• **STUDY MATERIAL**:
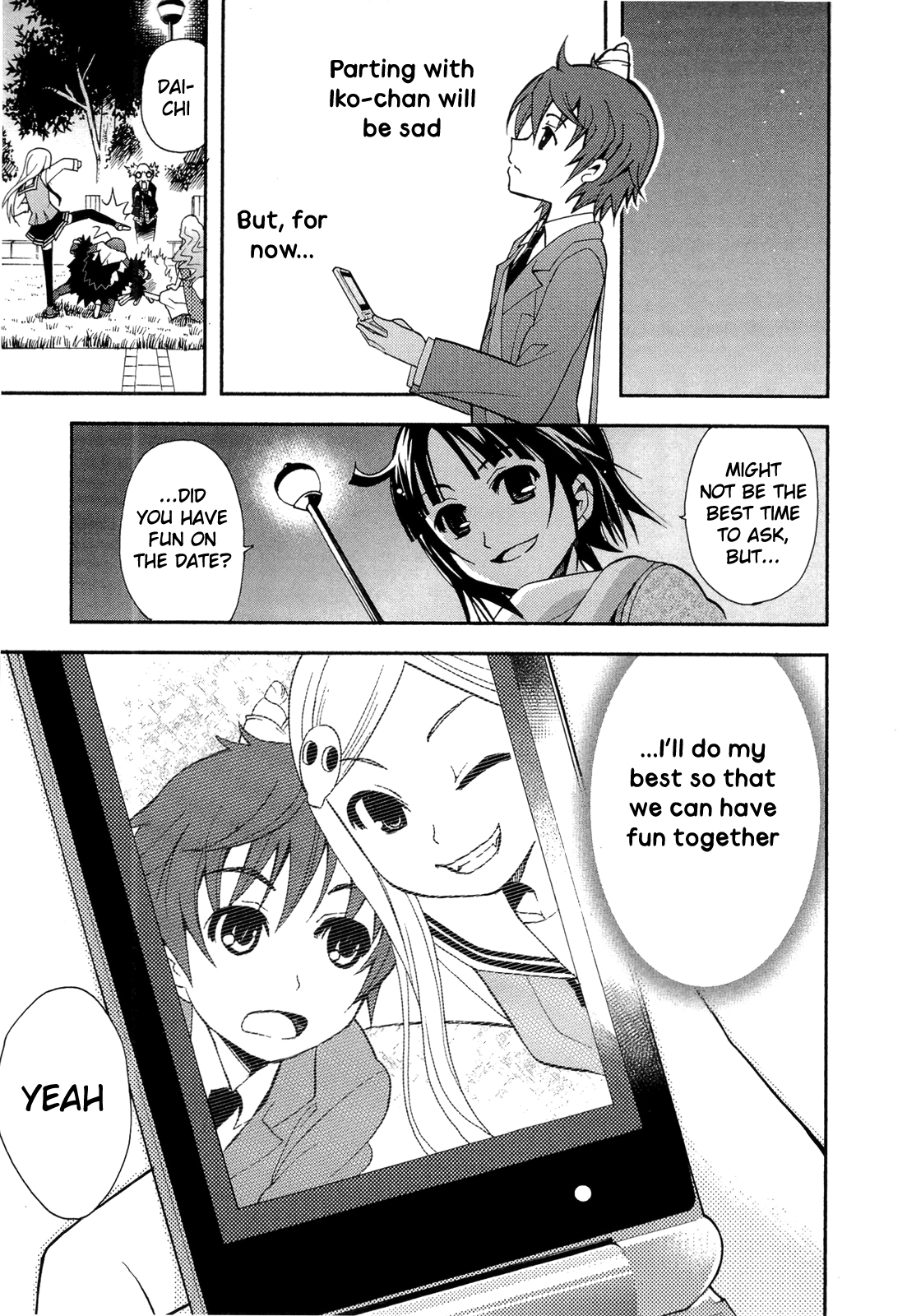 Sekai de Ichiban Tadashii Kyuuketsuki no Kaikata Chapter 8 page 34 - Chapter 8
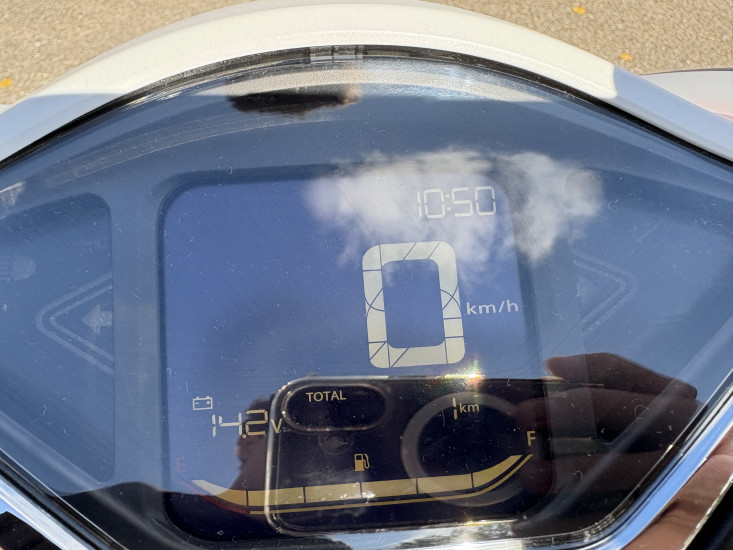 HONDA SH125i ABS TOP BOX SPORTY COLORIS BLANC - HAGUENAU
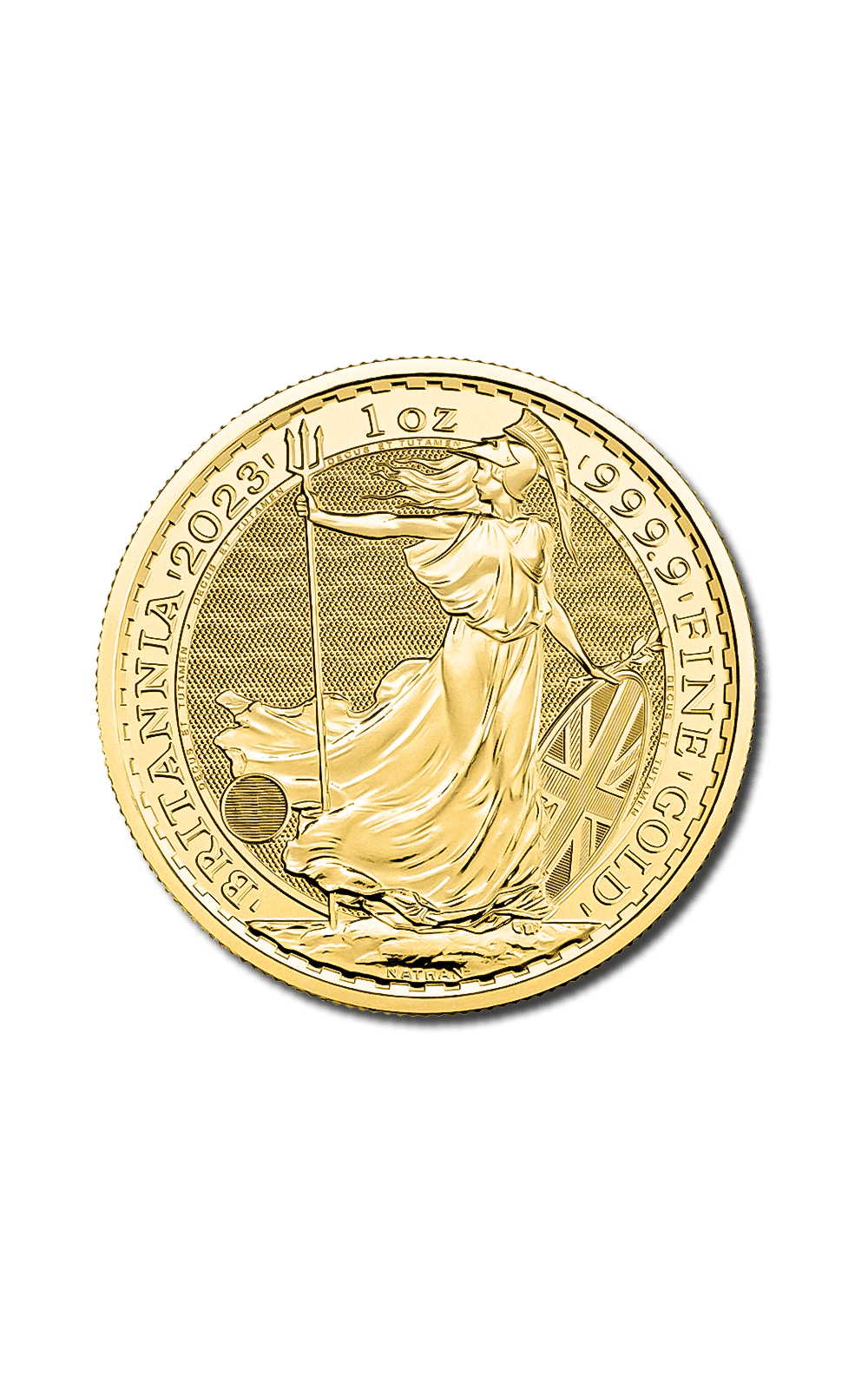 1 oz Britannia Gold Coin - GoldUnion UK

---

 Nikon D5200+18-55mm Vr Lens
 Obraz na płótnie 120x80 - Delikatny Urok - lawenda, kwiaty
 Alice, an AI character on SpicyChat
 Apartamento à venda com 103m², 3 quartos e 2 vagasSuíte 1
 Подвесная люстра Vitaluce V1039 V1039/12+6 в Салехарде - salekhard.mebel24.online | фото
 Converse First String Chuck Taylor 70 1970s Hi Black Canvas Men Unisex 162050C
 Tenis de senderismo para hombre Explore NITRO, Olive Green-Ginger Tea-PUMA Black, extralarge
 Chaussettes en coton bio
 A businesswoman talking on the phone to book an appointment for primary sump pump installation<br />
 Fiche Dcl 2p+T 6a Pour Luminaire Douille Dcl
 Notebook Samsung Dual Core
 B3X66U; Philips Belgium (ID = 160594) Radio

* * *

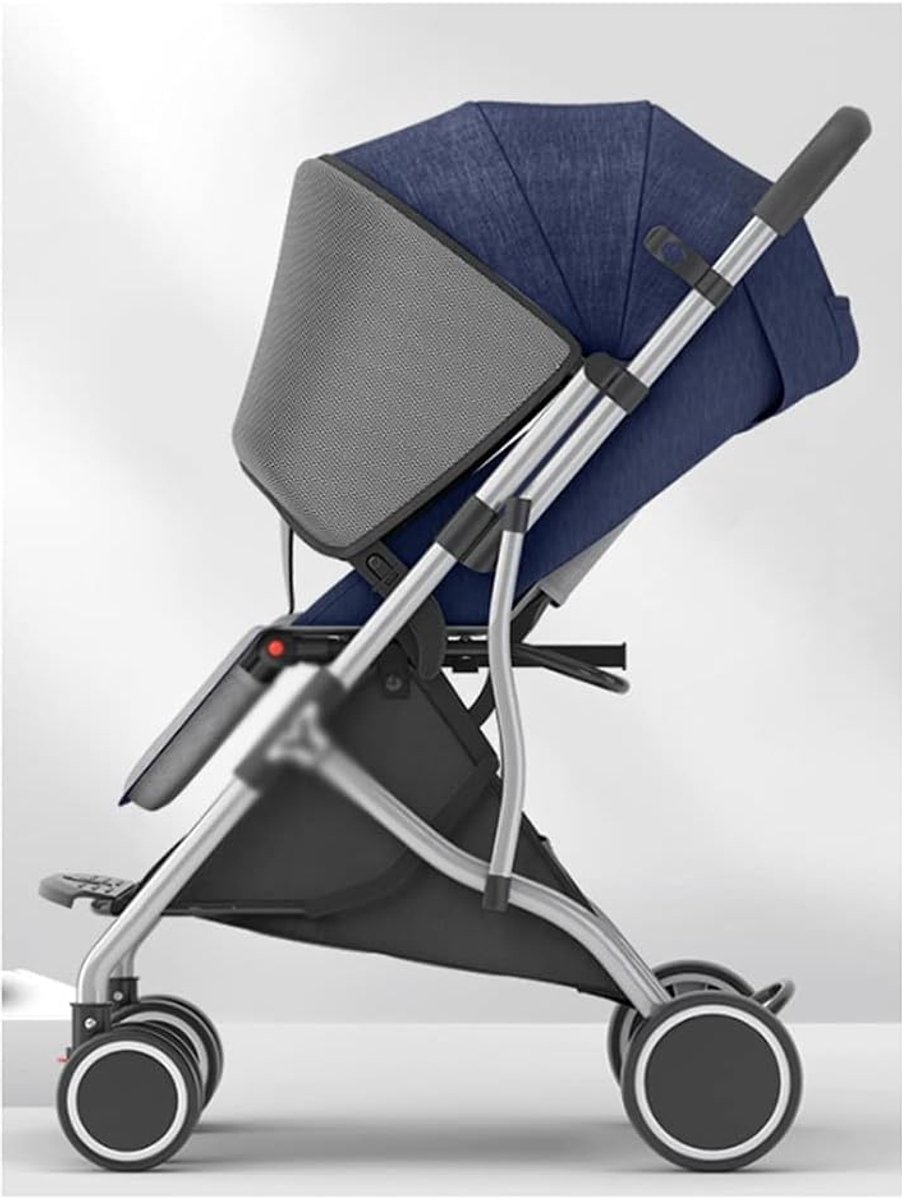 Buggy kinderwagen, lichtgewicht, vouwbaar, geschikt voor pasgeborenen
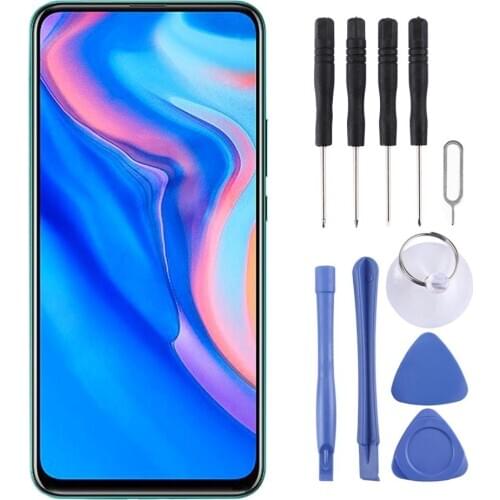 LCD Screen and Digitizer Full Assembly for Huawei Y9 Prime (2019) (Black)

• **ASSIGNMENT**:
Of the entries above, repeat exactly the lines between the line with "Converse First String" and the line with "B3X66U; Philips Belgium (ID = 160594) Radio", inclusive, and no others.

• **ANSWER SPACE**:
 Converse First String Chuck Taylor 70 1970s Hi Black Canvas Men Unisex 162050C
 Tenis de senderismo para hombre Explore NITRO, Olive Green-Ginger Tea-PUMA Black, extralarge
 Chaussettes en coton bio
 A businesswoman talking on the phone to book an appointment for primary sump pump installation<br />
 Fiche Dcl 2p+T 6a Pour Luminaire Douille Dcl
 Notebook Samsung Dual Core
 B3X66U; Philips Belgium (ID = 160594) Radio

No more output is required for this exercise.